Anyone who has attended a school board budget hearing can attest that the bulk of these budgets have already been set by statutory and contractual obligations, leaving only a minute percentage up for debate in a budget hearing. Out of a school budget of tens of millions of dollars, often only a few hundred thousand dollars is on the table to be voted upon. So why have a school budget vote at all? And what is a local taxpayer to do? The Guardian reviewed some of the local school budgets currently being proposed for the 2008-2009 school year (a school year ranges from September to the following August). Westchester County has 40 school districts offering traditional educational programs and a Board of Cooperative Educational Services (BOCES) which offers county-wide vocational programs.
In addition, Westchester County has several Special Act Districts, which provide educational and therapeutic opportunities to students who have experienced difficulty in traditional school settings. Therefore, Westchester taxpayers are funding separate school districts – both local, and countywide, and the information regarding each set of budgets is developed and kept separately.

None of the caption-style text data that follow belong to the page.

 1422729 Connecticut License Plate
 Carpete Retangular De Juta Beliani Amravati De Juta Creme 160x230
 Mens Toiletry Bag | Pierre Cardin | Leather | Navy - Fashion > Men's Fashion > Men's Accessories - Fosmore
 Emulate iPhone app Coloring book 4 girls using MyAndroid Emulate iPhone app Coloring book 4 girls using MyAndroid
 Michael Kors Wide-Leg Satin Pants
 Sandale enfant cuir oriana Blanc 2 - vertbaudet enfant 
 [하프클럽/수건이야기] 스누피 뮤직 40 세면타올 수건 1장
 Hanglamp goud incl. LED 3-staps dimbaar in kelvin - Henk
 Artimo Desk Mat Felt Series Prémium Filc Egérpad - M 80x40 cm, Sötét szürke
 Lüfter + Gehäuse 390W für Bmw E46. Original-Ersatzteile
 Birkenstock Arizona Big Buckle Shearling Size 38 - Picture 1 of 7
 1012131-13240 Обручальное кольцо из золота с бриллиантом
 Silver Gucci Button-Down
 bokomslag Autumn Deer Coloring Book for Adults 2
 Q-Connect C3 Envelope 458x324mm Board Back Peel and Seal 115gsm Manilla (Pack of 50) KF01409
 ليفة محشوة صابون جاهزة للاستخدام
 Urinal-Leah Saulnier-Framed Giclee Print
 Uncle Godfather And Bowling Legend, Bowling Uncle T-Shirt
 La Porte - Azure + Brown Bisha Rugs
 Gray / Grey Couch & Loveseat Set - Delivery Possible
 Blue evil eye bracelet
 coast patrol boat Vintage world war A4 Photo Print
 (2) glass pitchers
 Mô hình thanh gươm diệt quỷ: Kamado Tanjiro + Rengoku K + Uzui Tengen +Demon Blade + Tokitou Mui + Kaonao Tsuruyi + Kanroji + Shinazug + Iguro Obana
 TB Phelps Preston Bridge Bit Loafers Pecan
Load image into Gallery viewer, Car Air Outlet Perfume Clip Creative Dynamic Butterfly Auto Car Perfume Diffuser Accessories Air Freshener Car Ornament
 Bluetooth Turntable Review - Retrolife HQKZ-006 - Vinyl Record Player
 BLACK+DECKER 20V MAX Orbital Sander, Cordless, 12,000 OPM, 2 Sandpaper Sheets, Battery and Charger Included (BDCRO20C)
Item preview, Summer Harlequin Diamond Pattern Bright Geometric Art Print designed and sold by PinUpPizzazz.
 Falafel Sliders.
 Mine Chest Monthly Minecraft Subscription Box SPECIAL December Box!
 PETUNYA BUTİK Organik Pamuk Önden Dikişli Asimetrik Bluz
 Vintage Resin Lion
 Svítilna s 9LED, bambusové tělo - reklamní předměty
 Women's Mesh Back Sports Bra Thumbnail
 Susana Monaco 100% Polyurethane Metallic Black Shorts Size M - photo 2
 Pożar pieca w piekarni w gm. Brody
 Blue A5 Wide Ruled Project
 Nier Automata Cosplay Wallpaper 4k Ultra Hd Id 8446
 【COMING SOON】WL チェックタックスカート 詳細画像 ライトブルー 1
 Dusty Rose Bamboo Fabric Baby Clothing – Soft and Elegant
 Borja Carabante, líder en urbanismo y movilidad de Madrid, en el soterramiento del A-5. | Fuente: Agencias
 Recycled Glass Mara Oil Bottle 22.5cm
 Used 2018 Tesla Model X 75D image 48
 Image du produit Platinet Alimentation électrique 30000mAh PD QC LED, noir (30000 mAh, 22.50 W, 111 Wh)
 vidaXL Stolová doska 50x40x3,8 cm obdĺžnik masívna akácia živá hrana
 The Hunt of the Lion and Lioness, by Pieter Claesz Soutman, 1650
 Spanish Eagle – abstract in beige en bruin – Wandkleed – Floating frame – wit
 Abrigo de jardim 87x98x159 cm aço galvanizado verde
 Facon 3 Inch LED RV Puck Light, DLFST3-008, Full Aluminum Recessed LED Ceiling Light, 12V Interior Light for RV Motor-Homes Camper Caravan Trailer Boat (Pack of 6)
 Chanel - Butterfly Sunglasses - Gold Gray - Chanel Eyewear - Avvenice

Adding to the confusion, school districts, while funded by property taxes, do not align with town property maps – a town could have several school districts, or parts of several towns could be grouped into one school district. Plus, the names of the districts and towns are often not identical – while the school district for the majority of the residents of the Town of Mt. Pleasant is known as the “Mt. Pleasant School District”, residents in neighboring Armonk have to know that they will not find information for the local schools listed under “Armonk”, but rather under “Byram Hills School District”. Residents can determine which school district their residence is located in by checking their property tax bills or by calling the tax assessor’s office at their local town hall.
While all school districts are required by New York State law to provide their budgets to local residents, some make this information more accessible than others. Most budgets can be found on the local school district website, but some districts, such as Byram Hills, only provide public hearing dates but no budget for a taxpayer to review. In those cases, the taxpayer either has to attend a public hearing or go to the school district office to obtain a copy of the proposed budget. Other districts provide at least an overview of the highlights of the budget and the proposed capitol projects and major changes for the district in the upcoming year.
But like with the town budgets that The Guardian audited this winter, the champion of providing detailed information to their residents is the Chappaqua School District. The Guardian reported in January that the Town of North Castle, the locale of the Chappaqua School District, provided “full supporting details for the budget including equipment replacement plans for each town vehicle for every year through 2015.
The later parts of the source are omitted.